Dataset excerpts:
-- Opening Marker --

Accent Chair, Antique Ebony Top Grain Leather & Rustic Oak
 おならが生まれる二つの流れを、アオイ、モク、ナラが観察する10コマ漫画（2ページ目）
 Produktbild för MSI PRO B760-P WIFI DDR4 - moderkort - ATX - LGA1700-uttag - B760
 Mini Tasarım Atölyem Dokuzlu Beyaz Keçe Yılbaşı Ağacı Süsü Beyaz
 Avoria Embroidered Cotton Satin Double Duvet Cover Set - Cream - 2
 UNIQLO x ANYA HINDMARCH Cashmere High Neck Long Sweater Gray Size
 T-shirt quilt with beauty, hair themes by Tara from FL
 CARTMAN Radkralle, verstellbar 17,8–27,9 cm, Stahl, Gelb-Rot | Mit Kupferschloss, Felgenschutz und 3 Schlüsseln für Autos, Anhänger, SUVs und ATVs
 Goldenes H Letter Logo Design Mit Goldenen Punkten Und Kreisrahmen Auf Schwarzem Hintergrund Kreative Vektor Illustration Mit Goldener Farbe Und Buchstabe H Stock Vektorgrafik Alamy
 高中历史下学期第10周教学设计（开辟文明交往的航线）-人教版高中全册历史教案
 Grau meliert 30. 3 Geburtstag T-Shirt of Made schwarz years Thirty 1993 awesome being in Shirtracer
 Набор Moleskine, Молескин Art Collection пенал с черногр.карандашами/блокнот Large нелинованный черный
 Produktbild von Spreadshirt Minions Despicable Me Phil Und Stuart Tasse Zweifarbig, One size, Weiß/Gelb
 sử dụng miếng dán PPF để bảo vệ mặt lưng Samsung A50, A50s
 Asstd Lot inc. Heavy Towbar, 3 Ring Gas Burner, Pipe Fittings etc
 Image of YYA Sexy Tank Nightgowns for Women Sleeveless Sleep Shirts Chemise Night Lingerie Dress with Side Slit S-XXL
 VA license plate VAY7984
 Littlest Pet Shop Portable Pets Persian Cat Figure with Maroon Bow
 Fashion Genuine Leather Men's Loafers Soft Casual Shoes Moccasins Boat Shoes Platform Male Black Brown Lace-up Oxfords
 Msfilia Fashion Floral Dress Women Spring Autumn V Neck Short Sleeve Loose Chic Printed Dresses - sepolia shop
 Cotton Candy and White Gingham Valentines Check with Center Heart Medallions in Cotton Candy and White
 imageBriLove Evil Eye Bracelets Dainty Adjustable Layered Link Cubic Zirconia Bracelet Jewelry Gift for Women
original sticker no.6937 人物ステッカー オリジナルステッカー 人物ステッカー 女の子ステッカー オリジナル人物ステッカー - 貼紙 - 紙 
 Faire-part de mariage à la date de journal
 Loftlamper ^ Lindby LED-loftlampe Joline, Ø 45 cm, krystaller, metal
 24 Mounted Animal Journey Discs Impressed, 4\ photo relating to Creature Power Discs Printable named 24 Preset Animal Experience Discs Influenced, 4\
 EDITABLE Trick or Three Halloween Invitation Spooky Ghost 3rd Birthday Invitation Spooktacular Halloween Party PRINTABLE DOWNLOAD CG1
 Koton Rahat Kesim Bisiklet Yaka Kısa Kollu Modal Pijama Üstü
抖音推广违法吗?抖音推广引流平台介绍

-- Closing Marker --

#### [YOUR ASSIGNMENT]
Which lines above run from the one containing "高中历史下学期第10周教学设计（开辟文明交往的航线）-人教版高中全册历史教案" to the one containing "Littlest Pet Shop"? Give them again exactly, both ends included.

#### [EXERCISE RESULT]
 高中历史下学期第10周教学设计（开辟文明交往的航线）-人教版高中全册历史教案
 Grau meliert 30. 3 Geburtstag T-Shirt of Made schwarz years Thirty 1993 awesome being in Shirtracer
 Набор Moleskine, Молескин Art Collection пенал с черногр.карандашами/блокнот Large нелинованный черный
 Produktbild von Spreadshirt Minions Despicable Me Phil Und Stuart Tasse Zweifarbig, One size, Weiß/Gelb
 sử dụng miếng dán PPF để bảo vệ mặt lưng Samsung A50, A50s
 Asstd Lot inc. Heavy Towbar, 3 Ring Gas Burner, Pipe Fittings etc
 Image of YYA Sexy Tank Nightgowns for Women Sleeveless Sleep Shirts Chemise Night Lingerie Dress with Side Slit S-XXL
 VA license plate VAY7984
 Littlest Pet Shop Portable Pets Persian Cat Figure with Maroon Bow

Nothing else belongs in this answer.